There are two arguments for paying attention to Frontier Caravan.
First, valuations in emerging markets are at their lowest levels in a decade.
In general, money flows toward inexpensive asset classes. The long-term asset class projections from State Street, BlackRock, Northern Trust, Research Affiliates, GMO, Callan Associates, and others uniformly foresee stronger performance in the emerging markets than in either the US or other developed markets. It is more typical for projections to rank the US as the least attractive venue for the next decade, rather than the most attractive.
In the rare instances when investment style is also considered, value – and particularly EM value – trumps growth. The magnitude of the projected outperformance varies – some models see a few tenths of a point annually, some see multiple percentages annually – and forecasters routinely model higher volatility in EM than elsewhere, but there’s a near-universal agreement that – after a decade long run in the US markets and near-record valuations – the compelling opportunities lie elsewhere.

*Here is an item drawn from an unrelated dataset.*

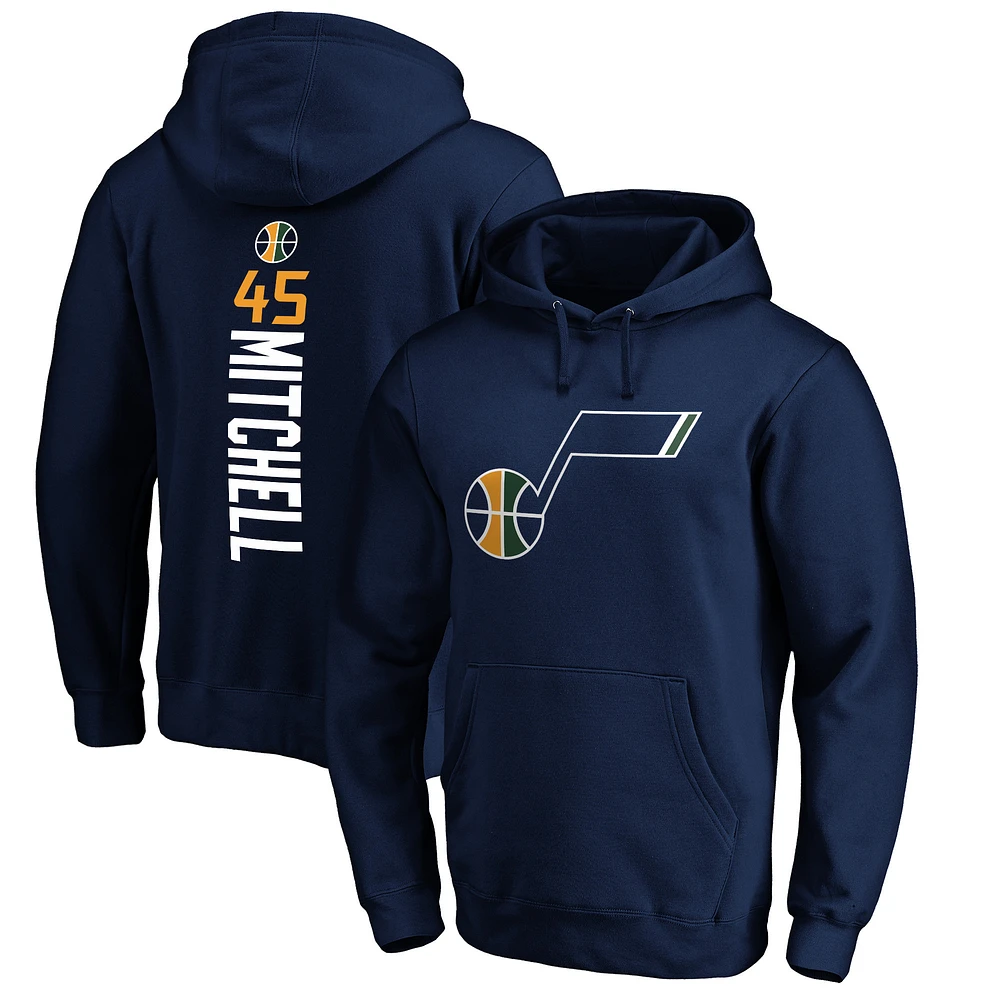 Men's Fanatics Donovan Mitchell Navy Utah Jazz Playmaker Name & Number Fitted Pullover Hoodie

Second, the Caravan team is experienced.
Mr. Quisenberry began his career in 1987 at Fred Alger Management in New York as a research associate, was a Vice President and portfolio manager at Cutler & Company. In 1994 he joined Parametric, a Seattle-based subsidiary of Eaton Vance, and became Parametric’s Director of Research and chief of emerging market strategies.
His strategy starts with country selection. His research found that country risk dominates in the emerging markets. About 73% of the portfolio’s risk, for example, is driven by country risk. As a result, he spends an abnormal amount of time and energy managing that source of risk. He grades each country based on five variables (P/E, P/B, dividend yield, correlations, and volatility) then systematically favors investments in high-rated nations and underweights low rated ones. As of September 30, 2019, that would translate to a huge overweight in Turkey (8.0% versus 0.6% in the index) and much larger underweight to India (0.9% versus 8.9%) and China (16.5% versus 31.9% for the index). The top five countries in the MSCI EM index (China, South Korea, Taiwan, India, Brazil) comprise nearly 75% of the MSCI index weighting but only 30% of the Caravan weighting. That means that Caravan’s portfolio is, necessarily and automatically, far different from the index.
At the security level, his discipline is value-oriented, more focused on consumer and financial stocks, and somewhat ESG screened.
The minimum initial investment for “I” shares is $100,000 and the initial expense ratio is 0.80%. The minimum for Service shares is $10,000 with an e.r. of 0.95%. The fund has about $21 million in assets. It’s not a great surprise that the fund’s homepage is almost no content: some text cribbed from the prospectus and linked to generic docs from the adviser.